What cruel answer have I heard!
And yet, by heaven, I love thee still:
Can aught be cruel from thy lip?
Yet say, how fell that bitter word
From lips which streams of sweetness fill,
Which naught but drops of honey sip?
Go boldly forth, my simple lay,
Whose accents flow with artless ease,
Like orient pearls at random strung:
Thy notes are sweet, the damsels say;
But oh! far sweeter, if they please
The nymph for whom these notes are sung.
AN ODE, IN IMITATION OF ALCEUS.
WHAT Constitutes a State?
Not high-raised battlement or labour'd mound,
Thick wall or moated gate;
Not cities proud, with spires and turrets crown'd;
Not bays and broad-arm'd ports,
Where, laughing at the storm, rich navies ride;
Not starr'd and spangled courts,
Where low-brow'd baseness wafts perfume to pride.
No: men, high-minded men,
With pow'rs as far above dull brutes endued
In forest, brake, or den,
As beasts excel cold rocks and brambles rude;
Men who their duties know,
But know their rights, and, knowing, dare maintain,
Prevent the long-aim'd blow,
And crush the tyrant while they rend the chain:
These constitute a state,
And sov’reign law, that state's collected will,
O'er thrones and globes elate
Sits empress, crowning good, repressing ill;
Smit by her sacred frown,
The fiend Discretion like a vapour sinks,
And e'en th' all-dazzling crown
Hides his faint rays, and at her bidding shrinks.

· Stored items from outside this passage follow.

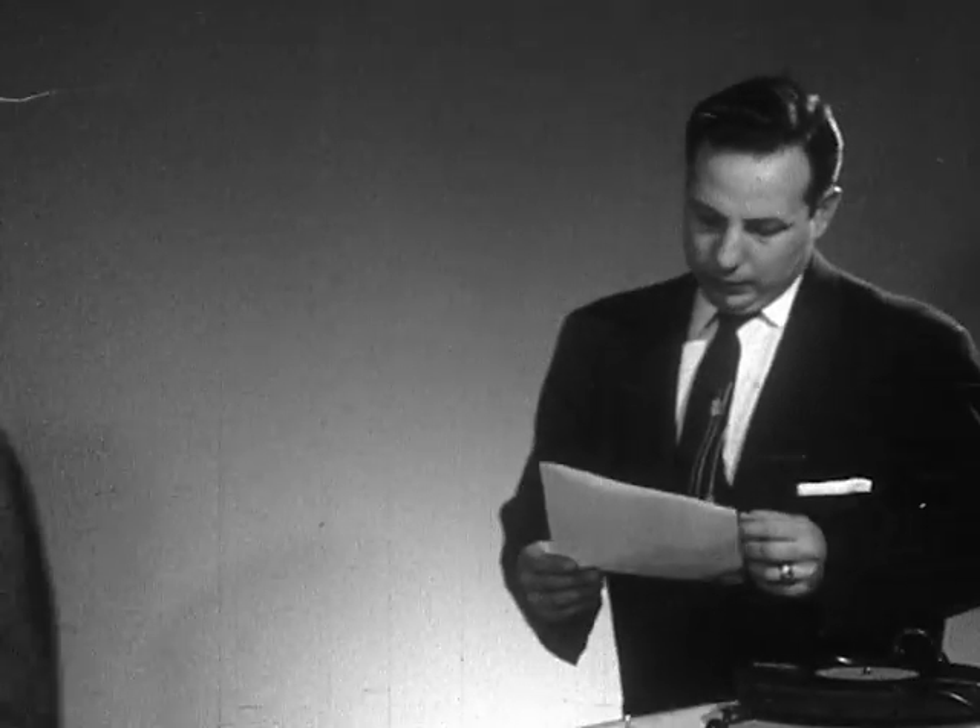For the remainder of this speech portion of the Oricon single-system magnetic test film, we will hear another voice. To continue with the speech test, the Oricon single-system camera, which is now taking my picture, is equipped with a magnetic head for recording pre-striped film. That is, on film which has a magnetic stripe put on it before it is exposed to light.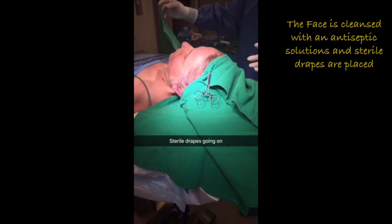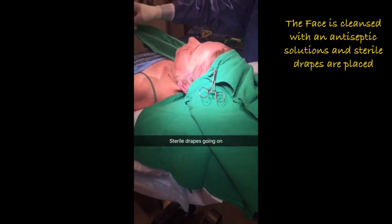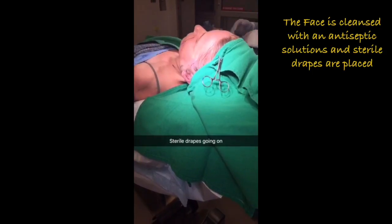I'm just putting some green sterile towels and wrap her up. I washed her with chlorhexidine, the antiseptic solution.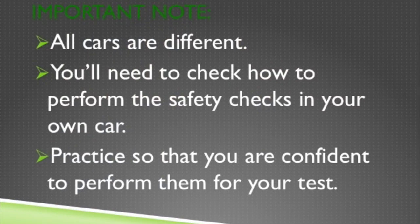I hope you found this video useful, but please remember all cars are different. You'll need to check how to perform the safety checks in your car or your instructor's car, and then practise them so you're confident to perform them on your test.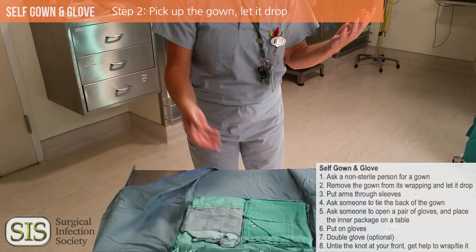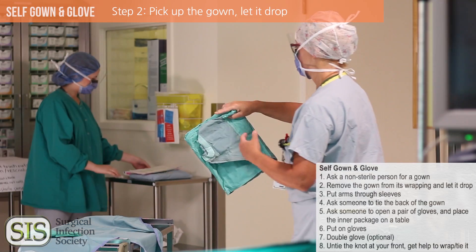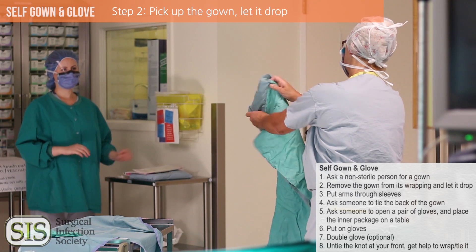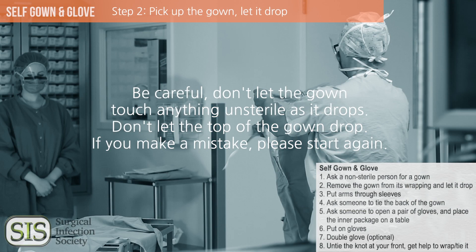Pick up the whole folded gown, raise it above the table, move back from the table, hold it by the neckline and let the bottom drop. If you touch the outside of the gown, if something unsterile touches the outside, or if the top of the gown drops, start all over again with a new gown.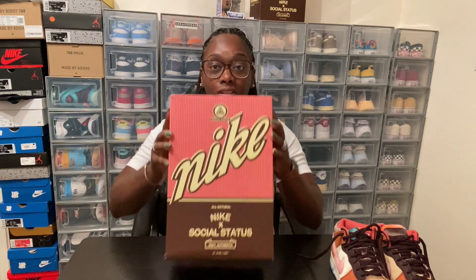What's up everybody, it's your girl Sneaker Mom back in the building, back with another review. Today we're going to be reviewing the Nike Dunk Social Status.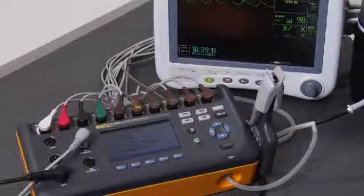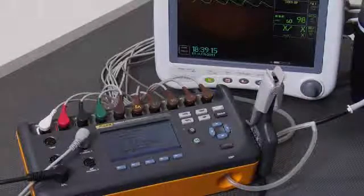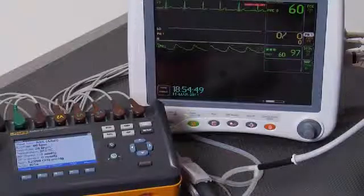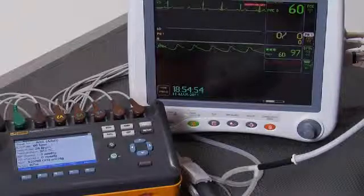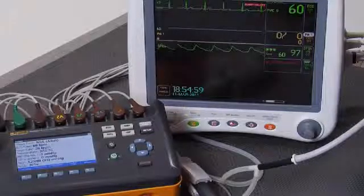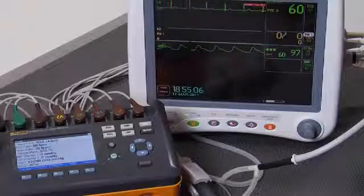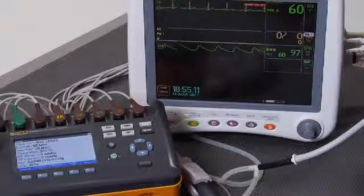Patient monitor testing can be quicker and easier than ever before with ProSIM 8 from Fluke Biomedical. We're going to do a complete but quick test of this patient monitor. The parameters we're going to test are ECG rate, respiratory rate, invasive blood pressure channel 1, cuff blood pressure, IBP measurement, and oximetry. We're going to try and get all of this testing done in under 5 minutes.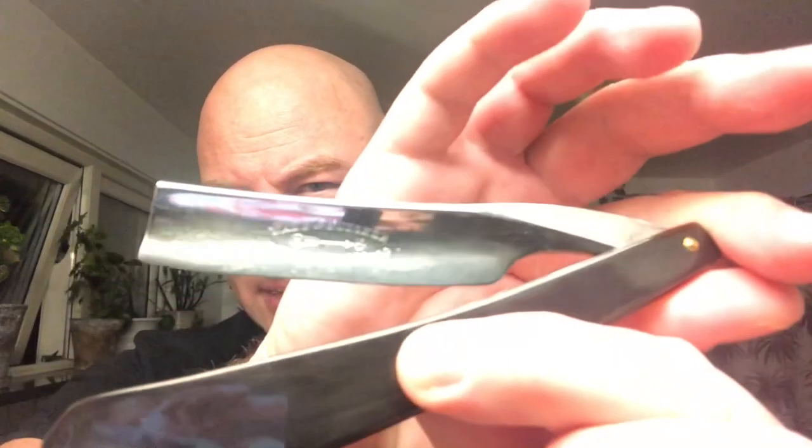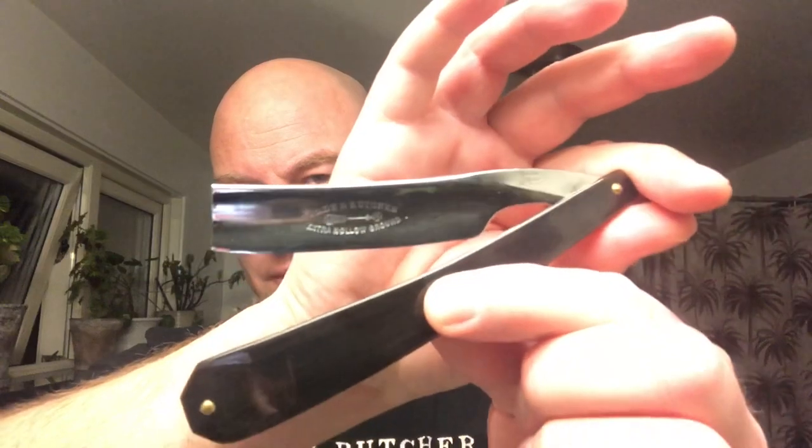Welcome to Shave and Butcher for a shave, and today it's a Wade and Butcher shave. Look at that little beauty. I don't know much about this razor except it's pretty good and pretty pretty. I've got the Wade and Butcher shirt on, so there we go.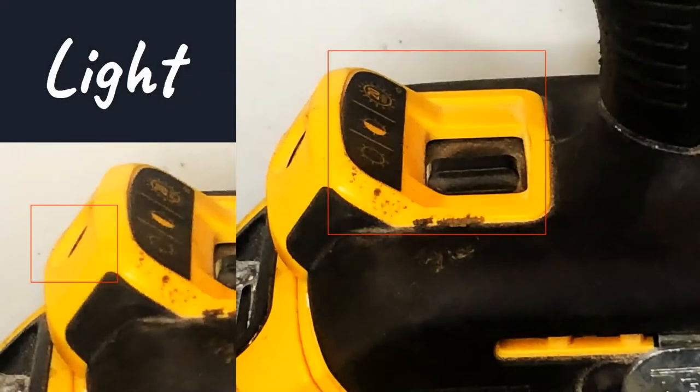The next thing we're going to talk about is the light. This light is seated at the base of the drill and has three settings: the first setting is dim, the middle is half-bright, and the farthest setting is the brightest. There is a time warning — using the brightest setting will drain your battery quickly. This light is very useful because it gives you extra visibility, and you always want clear visibility when using power drills.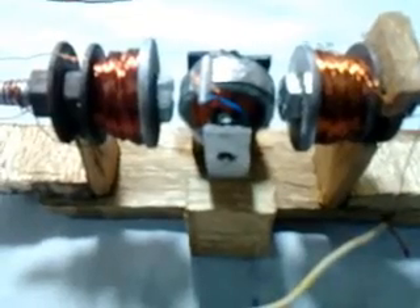Hello friends, I am Varun and this is a single-phase commutating motor. Its advantage is that it works on DC as well as AC.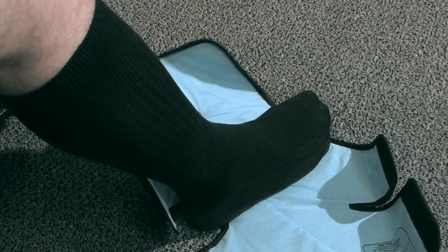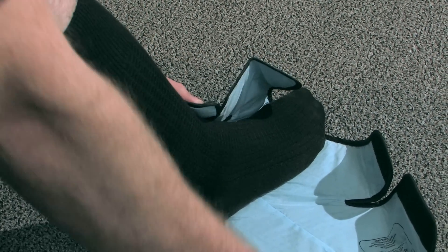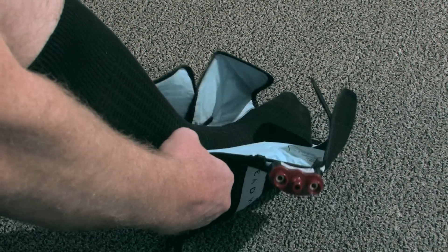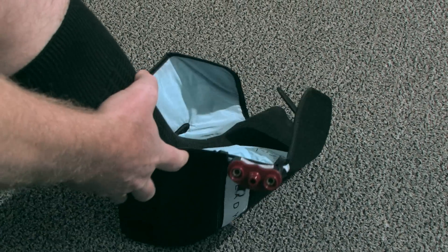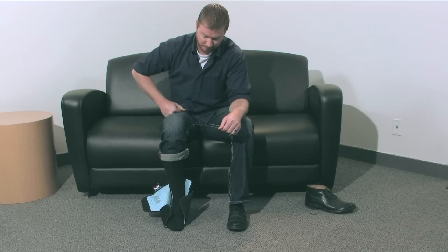Secure the back of the wrap by grabbing and holding the left flap against your lower calf. Take the right back flap and fold over the left and attach. Slide your heel to the back of the wrap.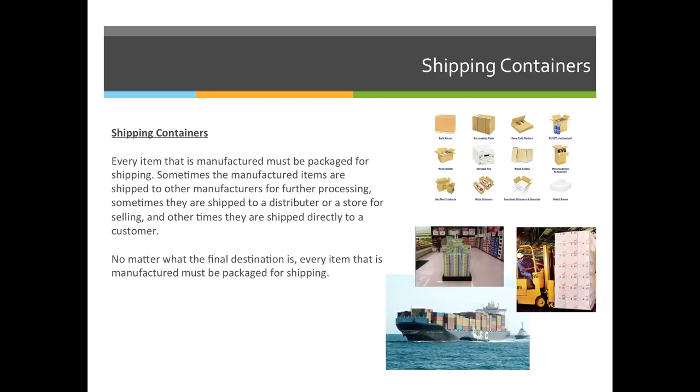Every item that is manufactured must be packaged for shipping. Sometimes the manufactured items are shipped to other manufacturers for further processing, sometimes they are shipped to a distributor or store for selling, and other times they are shipped directly to a customer. No matter what the final destination is, every item that is manufactured must be packaged for shipping in some way.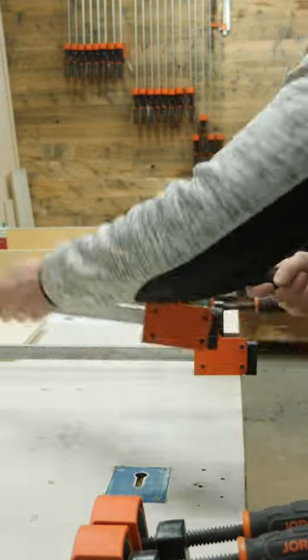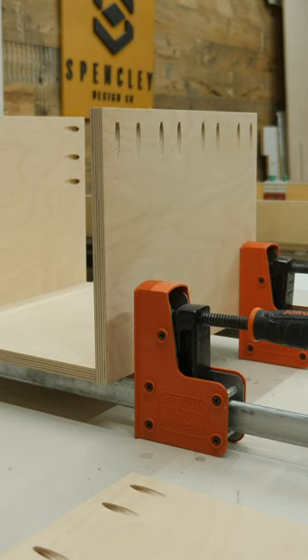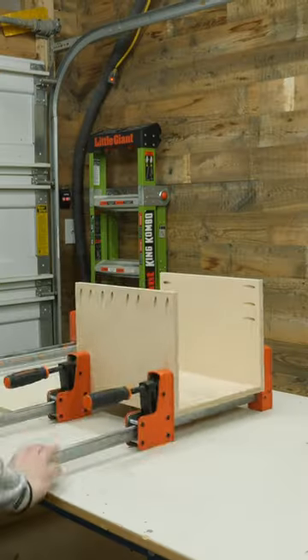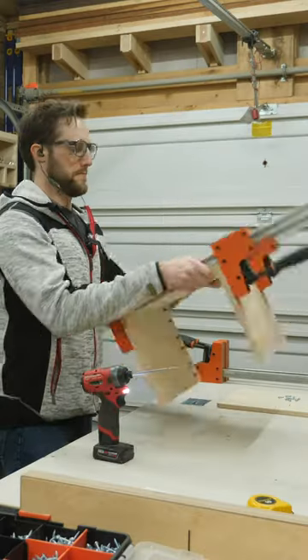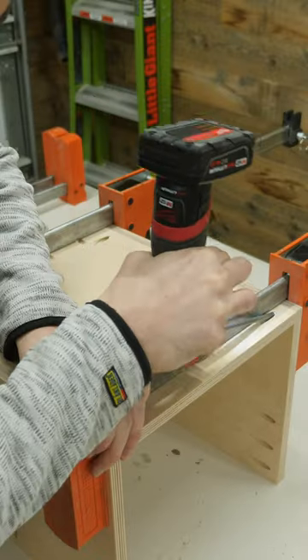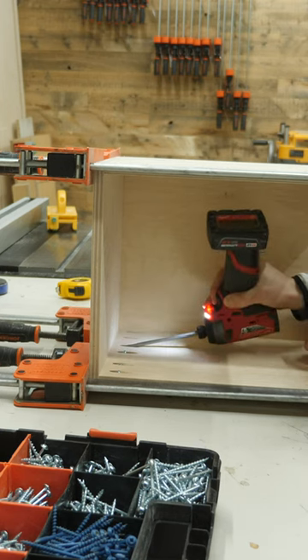One inconvenience about using pocket hole screws is that since they attach at an angle, they do have a tendency to shift the pieces slightly out of alignment. But this can easily be fixed by clamping everything together before driving in those screws. So next time you're using pocket holes, try this method and let me know how it works for you.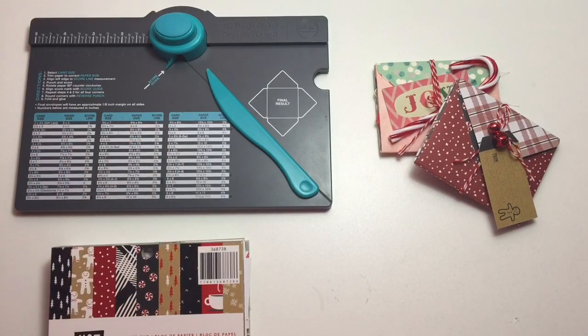Hey guys! So today I'm going to be sharing with you a cute little project that I thought of. As you guys know, Serena B. created the mini pocket letters. I have a video that I did for Halloween where I did the mini pocket letters.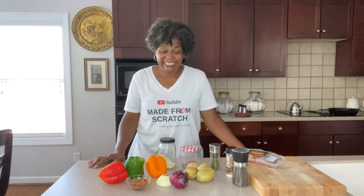Hey guys, welcome back to Cooking at Pam's Place. I'm Chef Pam and we're getting ready to make smoked sausage, potatoes, and peppers. Oh my goodness, it is so delicious.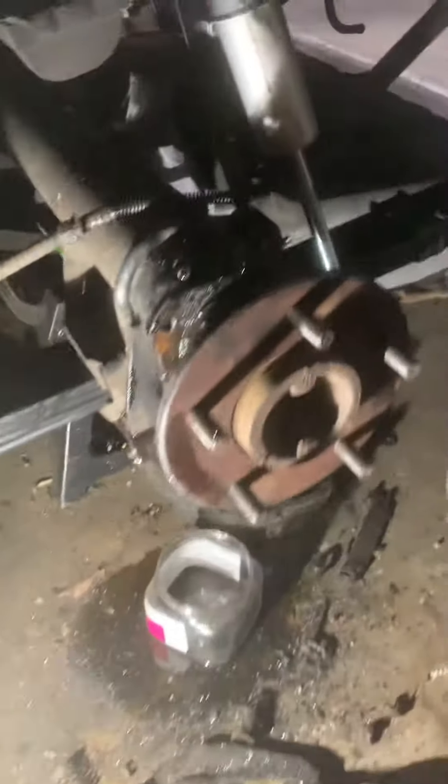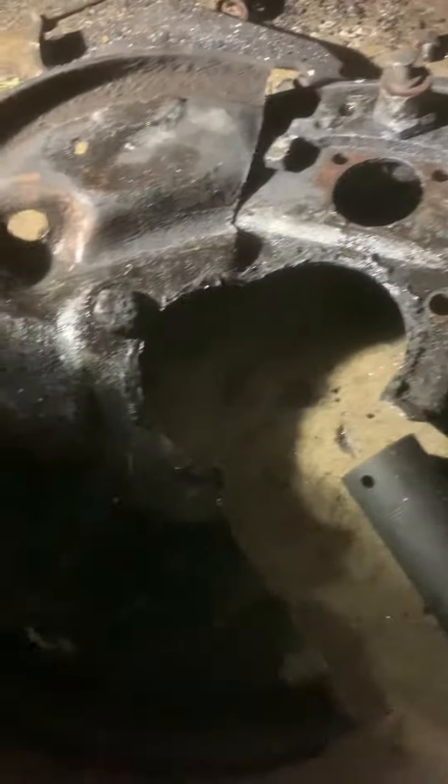Here's another update — my experiment worked. As you can see, the old backing plate and brake retainer for the drum brakes are off. I did not have to pull the axle.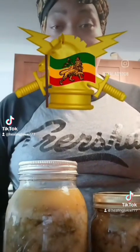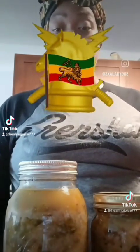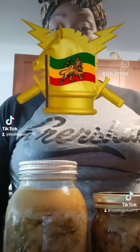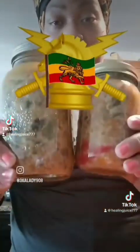It has packed nutrients. It has a lot of iron in it. It's great for your metabolism. It's great for the liver, the kidney, and it purifies the blood. Watch me make it.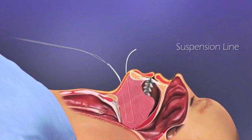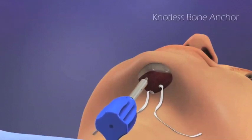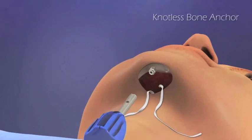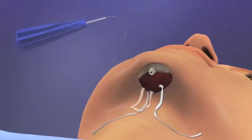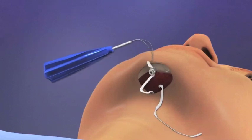A suspension line designed to provide effective suspension of the tongue is now exchanged with the first suture loop. A small titanium bone anchor is used to anchor the suspension loop to the chin. One at a time, the ends of the suspension line are threaded into the bone anchor.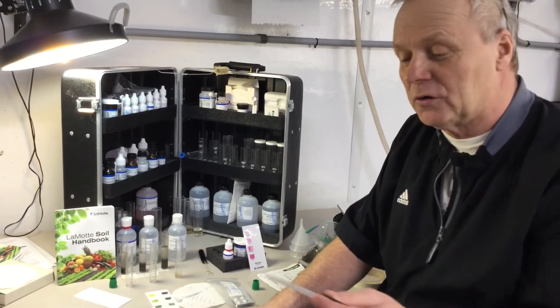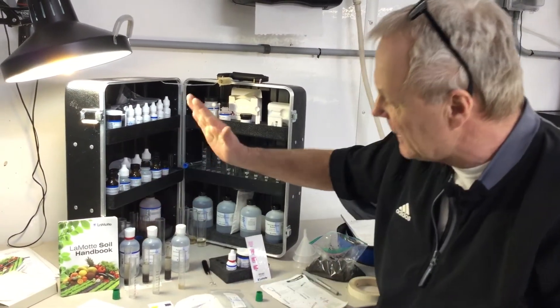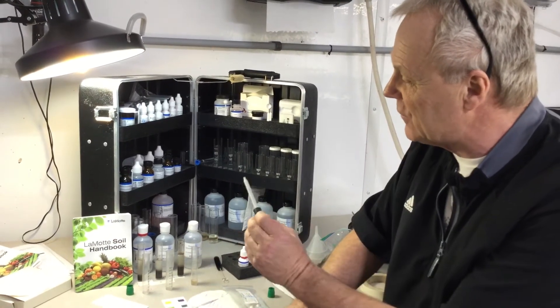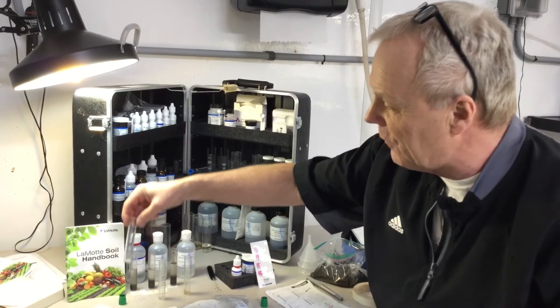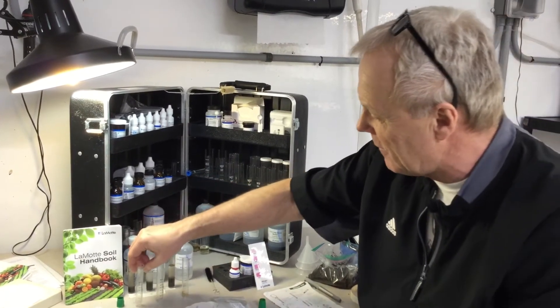Now what we're going to do is go into those and extract the clear liquid. You can see how they've settled — that's what we waited for. Once that settles down to the bottom, we're going to extract out of those test tubes and fill into here. We've got to get to line three for the nitrogen and the phosphorus, each one of them.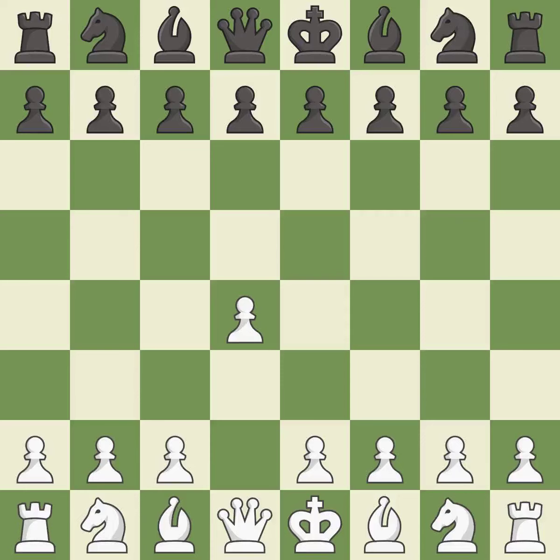Opening with the queen's pawn controls the center and usually leads to a more positional development of the pieces. The Indian game begins by controlling the important e4 square with the knight, rather than a pawn. c4 builds a strong center by controlling the important d5 square and creates a square for the knight to come to c3 without blocking the c pawn.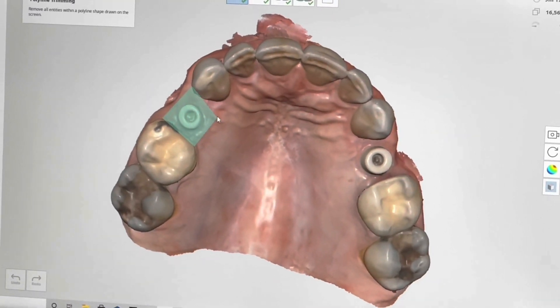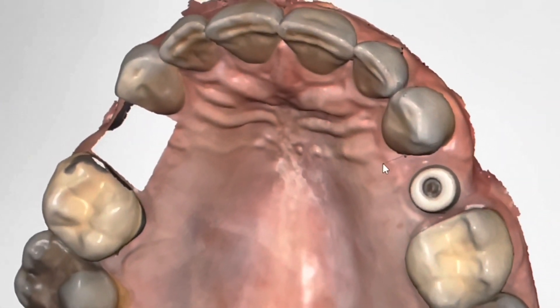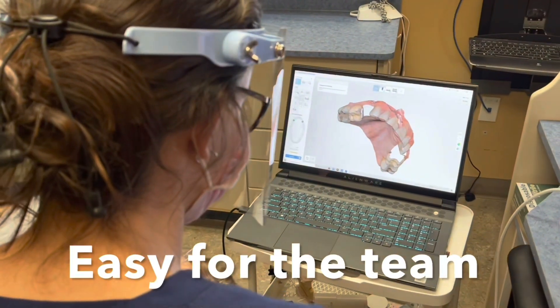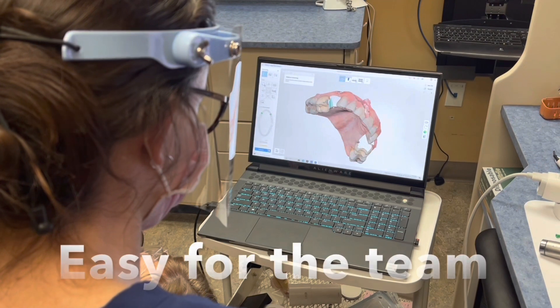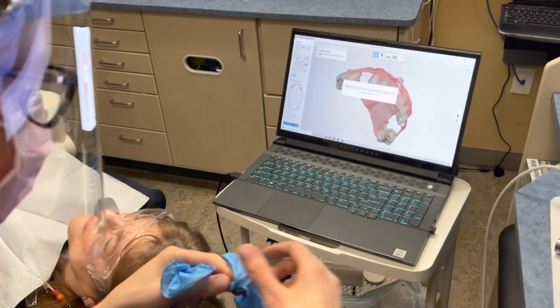What you can see is that we're going to cut these original scan bodies. So these are scan bodies from the On1 system. We're going to cut them off the scanner and then add the new crowns that we just put in this morning. And so these new crowns are in position.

Such was this heaven-loved isle,
Than Lesbos fairer and the Cretan shore !
No more shall Freedom smile?
Shall Britons languish, and be men no more?
Since all must life resign,
Those sweet rewards which decorate the brave,
"Tis folly to decline,
And steal inglorious to the silent grave.
"THEE, Mary, with this ring I wed"— So, fourteen years ago, I said.
Behold another ring! "for what?”
"To wed thee o'er again?" Why not?
With that first ring I married youth,
Grace, beauty, innocence, and truth;
Taste long admired, sense long revered,
And all my Molly then appear'd.
If she, by merit since disclosed,
Prove twice the woman I supposed,
I plead that double merit now,
To justify a double vow.
Here then to-day (with faith as sure,
With ardour as intense, as pure,
As when, amid the rites divine,
I took thy troth and plighted mine),
To thee, sweet girl, my second ring
A token and a pledge I bring:
With this I wed, till death us part,
Thy riper virtues to my heart;
Those virtues which, before untried,
The wife has added to the bride :
Those virtues, whose progressive claim,
Endearing wedlock's very name,
My soul enjoys, my song approves,
For conscience' sake as well as love's.
And why? They show me every hour Honour's high thought, Affection's power, Discretion's deed, sound Judgment's sentenceAnd teach me all things but-repentance.
WILLIAM MASON. 1725-1797.
EPITAPH ON MRS. MASON.
TAKE, holy earth! all that my soul holds dear : Take that best gift which Heav'n so lately gave: To Bristol's fount I bore with trembling care
Her faded form; she bow'd to taste the wave, And died. Does youth, does beauty read the line? Does sympathetic Fear their breasts alarm? Speak, dead Maria! breathe a strain divine:
Ev'n from the grave thou shalt have power to charm.